Tokenization is a critical component of Natural Language Processing (NLP), especially for low resource languages, where subword segmentation influences vocabulary structure and downstream task accuracy. Although Byte Pair Encoding (BPE) is a standard tokenization method in multilingual language models, its suitability for Named Entity Recognition (NER) in low resource Indic languages remains underexplored due to its limitations in handling morphological complexity. In this work, we systematically compare BPE, SentencePiece, and Character Level tokenization strategies using IndicBERT for NER tasks in low resource Indic languages like Assamese, Bengali, Marathi, and Odia, as well as extremely low resource Indic languages like Santali, Manipuri, and Sindhi. We assess both intrinsic linguistic properties tokenization efficiency, out of vocabulary (OOV) rates, and morphological preservation as well as extrinsic downstream performance, including fine tuning and zero shot cross lingual transfer. Our experiments show that SentencePiece is a consistently better performing approach than BPE for NER in low resource Indic Languages, particularly in zero shot cross lingual settings, as it better preserves entity consistency. While BPE provides the most compact tokenization form, it is not capable of generalization because it misclassifies or even fails to recognize entity labels when tested on unseen languages.

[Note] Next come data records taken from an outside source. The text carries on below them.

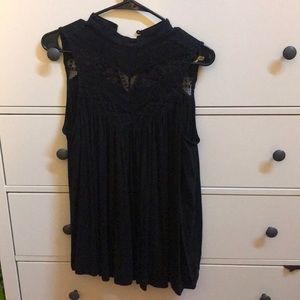 Anthro Black mock neck tank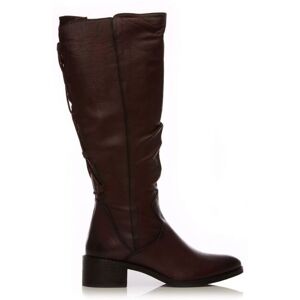 Moda In Pelle Womens 'Lucura' Burgundy Leather Knee High Boots - Size Eu 36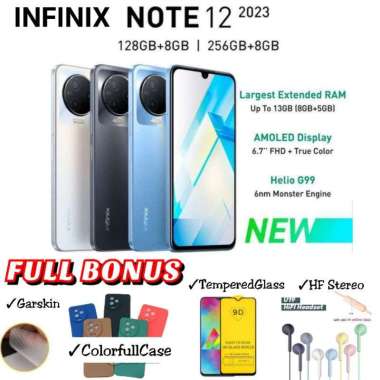 INFINIX NOTE 12 2023 NFC 8 256 NOTE12 2023 8 128 RAM 8+5GB ROM 128~256GB HELIO G99 GAMING PROSSESOR 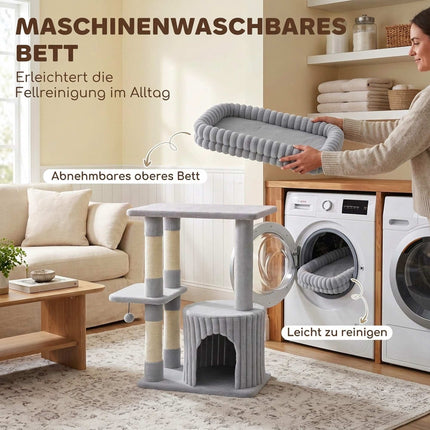3-Level Cat Tree 93 cm with Sisal Posts and Washable Top Bed, Cave, Grey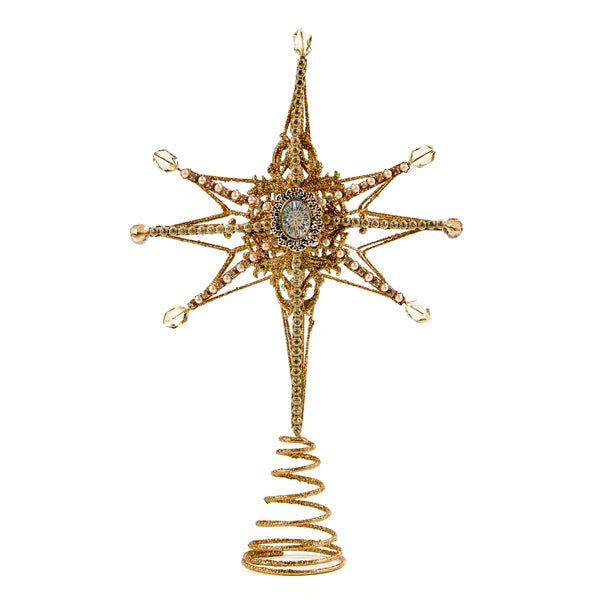 Varf de brad steaua nordului colectia jewel auriu 34cm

In contrast, SentencePiece constitutes a better linguistic structural preservation model, benefiting extremely low resource and morphologically rich Indic languages, such as Santali and Manipuri, for superior entity recognition, as well as high generalization across scripts, such as Sindhi, written in Arabic. The results point to SentencePiece as the more effective tokenization strategy for NER within multilingual and low resource Indic NLP applications.